Prima di tutto, come gli attaccanti, anche i difensori faranno sempre più uso della GenAI, quindi si arriverà a una situazione in cui la difesa reagirà in tempo macchina. In secondo luogo, verrà ridotto il rischio associato alle password, semplicemente facendone a meno. Gli anni di egemonia del sistema-password ne ha messi in evidenza tutti i limiti: non riuscendo a ricordare decine di password differenti, di elevata complessità, la maggior parte degli utenti usa chiavi banali e le ricicla fra più account, con il risultato di indebolire i sistemi e accentuare l’effetto domino. Anche chi si impegna davvero nella formulazione di password complesse e uniche, cade in fallo davanti a email di social engineering talmente ben confezionate da ingannare anche gli esperti.
Al momento si sta cercando di rafforzare le password con l’Autenticazione a più fattori (MFA). Tuttavia sono sempre più diffuse le tecniche passwordless, come l’identificazione biometrica (impronta digitale, riconoscimento del viso) e lo Zero Trust, che di fatto toglie la fiducia diffusa e verifica a ogni accesso sia l’autenticità della persona che quella del sistema da cui opera. La filosofia Zero Trust peraltro rassicura anche su un altro aspetto: prevedendo la micro-segmentazione delle reti e il principio del privilegio minimo, anche in caso di ingresso in rete di un attaccante, aiuta a contenerne l’attività in un ambito ristretto, così da evitare danni diffusi.
Tutte queste opzioni fanno parte delle cosiddette soluzioni IAM (Identity Access Management), appositamente strutturate per gestire l’accesso alle risorse aziendali. Fra le peculiarità di tali soluzioni vi sono anche tecnologie come la Behavior Analytics, che analizza il comportamento degli utenti, rilevando in tempo reale comportamenti anomali indicativi di potenziali compromissioni.
Nelle pagine di questo Speciale oltre dieci vendor di cybersecurity presentano le proprie soluzioni per la sicurezza e la difesa delle identità. Ciascuna ha le proprie peculiarità, scorrendole si comprendono la varietà di opzioni e la diversità di approcci possibili. Posto che oggi è mandatorio disporre di una soluzione di Identity Security, la sfida è trovare il compromesso migliore per la propria situazione, che è frutto di un’attenta analisi dell’infrastruttura, delle esigenze e, ovviamente, anche dei budget. Per questo motivo il percorso più saggio da seguire è affidarsi a una consulenza esperta.
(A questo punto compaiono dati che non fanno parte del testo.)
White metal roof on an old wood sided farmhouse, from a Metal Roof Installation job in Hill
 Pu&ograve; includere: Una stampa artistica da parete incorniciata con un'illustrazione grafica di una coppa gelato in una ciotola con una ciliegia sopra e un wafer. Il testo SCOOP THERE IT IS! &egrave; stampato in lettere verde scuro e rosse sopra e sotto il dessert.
In fase decisionale esortiamo a tenere in considerazione almeno un paio di elementi. Il primo è che, a prescindere dalla tecnologia implementata, nessuna soluzione tecnologica da sola fa miracoli: occorre pianificare un percorso di formazione continua per tutto il personale aziendale che insegni a riconoscere i trucchi degli attaccanti e a non abboccare, perché l’IAM può essere eccellente, ma se un utente consegna spontaneamente le proprie credenziali a un cyber criminale c’è poco da fare.
In seconda battuta, ricordiamo che oggi i caposaldi della cyber security sono visibilità e semplicità di gestione. Le esperienze passate hanno ormai dimostrato ampiamente che affidarsi ai best in breed per ciascuna categoria è controproducente, se poi gli addetti alla security devono stressarsi trascorrendo la giornata a rincorrere gli allarmi di N piattaforme differenti invece che indagare sulle segnalazioni davvero importanti. Per questo motivo sono nate le piattaforme XDR che da un’unica console consentono di supervisionare tutti gli aspetti della security, dalle identità agli endpoint, passando per il cloud, la sicurezza delle email, dell’infrastruttura di rete, dei dispositivi mobile e IoT, eccetera. Esistono XDR chiusi (monobrand) e aperti, che attivano un interscambio di dati con le soluzioni verticali di altri vendor. Valutate attentamente questa opportunità.